By Jeff Wignall   Tuesday November 14, 2017


Unlike a lot of photographers that talk about photography being a lifelong passion that started at an early age, New York-based fashion and portrait photographer Jeff Rojas  got a somewhat later start. “I didn’t pick up my first camera until I worked at a private equity company after college,” he says. “When I was in high school I was working full time to help my parents out and I just couldn’t afford a camera. I didn’t get my first camera until I was in my early 20s.”
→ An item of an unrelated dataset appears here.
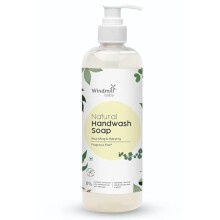 Jabón de Manos Natural Windmill para Piel Seca, Sin Fragancia, Certificado USDA - 450Ml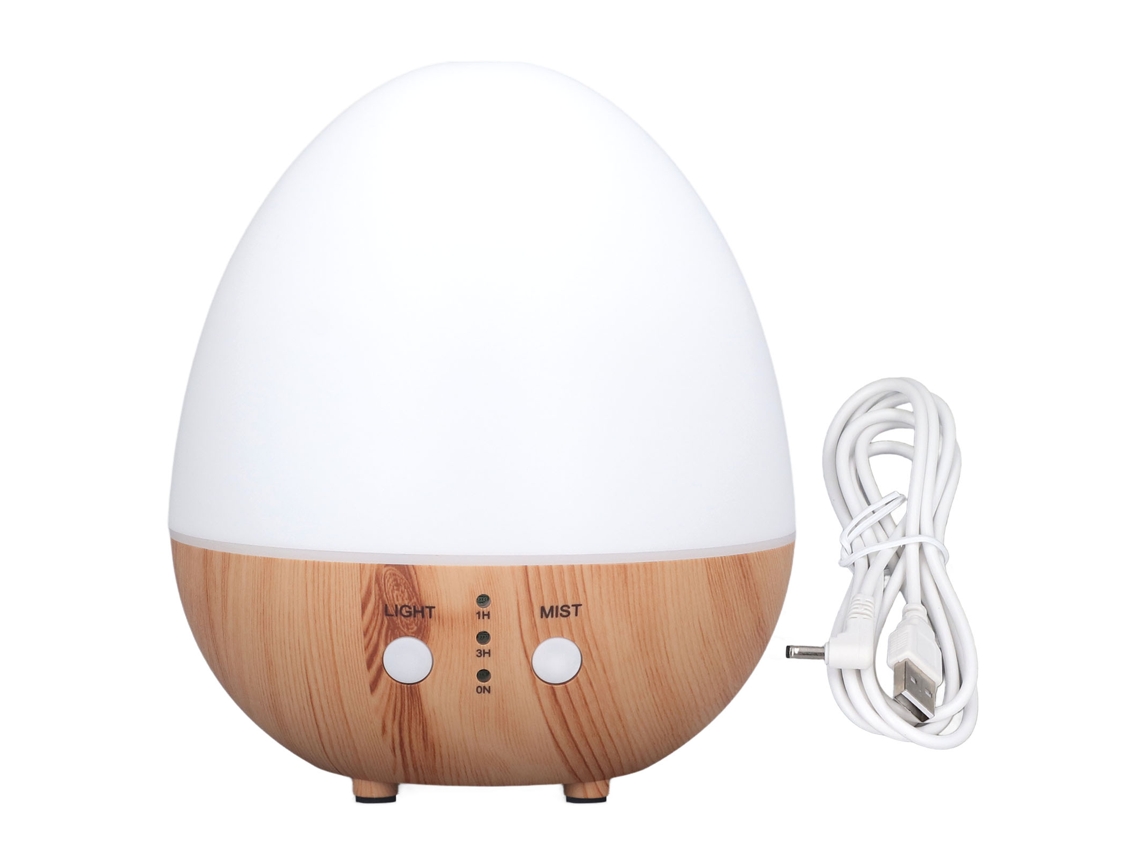 Difusor De Aceites Esenciales De 250 Ml, Diseño De Madera, Con Luz Nocturna, Apagado Automático Y Conexión Usb.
Ironically it was getting laid off from that very job and needing to fill a creative gap that brought him to photography as a career. “I felt like I needed to build something, I’m inevitably a builder, I love seeing something happen from start to finish and watching it grow,” he says. “I get very obsessed very quickly with new things and trying to learn something new and photography was one of those many things that I fell in love with and it just felt natural to me. I became deeply obsessed with photography. It’s all about artistic expression, thinking of something, watching it come to fruition, it’s another level of creativity.”

Interestingly, it was his love of building something else—namely restoring classic cars—that really drew out his initial passion. “I hung around cars at first just because I wanted to document the cars that I was building and then the passion went from the cars to the photography,” he recalls. “As I was trying to learn new techniques and I learn lighting, the passion went from restoring classic cars to photographing full time.”

Today Rojas shoots a mix of portraits, beauty and fashion and clients include Elle and Esquire. His images are marked by a very bold, dramatic and low-key look, much of it in done in black and white. He also devotes time to teaching both photography and marketing and has taught at CreativeLive, WPPI, Photo Plus Expo, Imaging USA and for the APA.

Rojas credits much of his success as a photographer not just to his skills behind a camera, but to his knowledge of marketing. He also says that a lot of photographers are underemployed because they fail to grasp the importance of marketing. “Nobody cares about it because it just seems a lot more difficult than it actually is and I think that photographers are just very artsy and they don’t know how to turn their art into a business,” he says. “Marketing is just not a sexy topic. How do you make marketing a sexy topic? How do you make math sexy for people?”

Rojas is also the author of several books, most notably his best-selling  books Photographing Men and Photographing Women. I recently spoke to Rojas about his passion for photography and for the business of photography and about his use of Tamron lenses.

PPD: You have a very sophisticated lighting style, how did you learn to light?

JR: I had really good mentors. One of the first things that I learned early on was that I didn’t know it all so I need to learn from other people. I used to drive to a camera store in New Jersey because they offered classes in things like lighting. I traded my time as an assistant and I got a chance to learn from some really great photographers, people like Robert Farber and Liz Freeman and lots of others. Because I was the assistant I had the chance to be very hands on with the lighting and learned to understand what they were trying to do. I was literally the grunt doing all the work, moving things, moving backdrops, setting up lights and so forth.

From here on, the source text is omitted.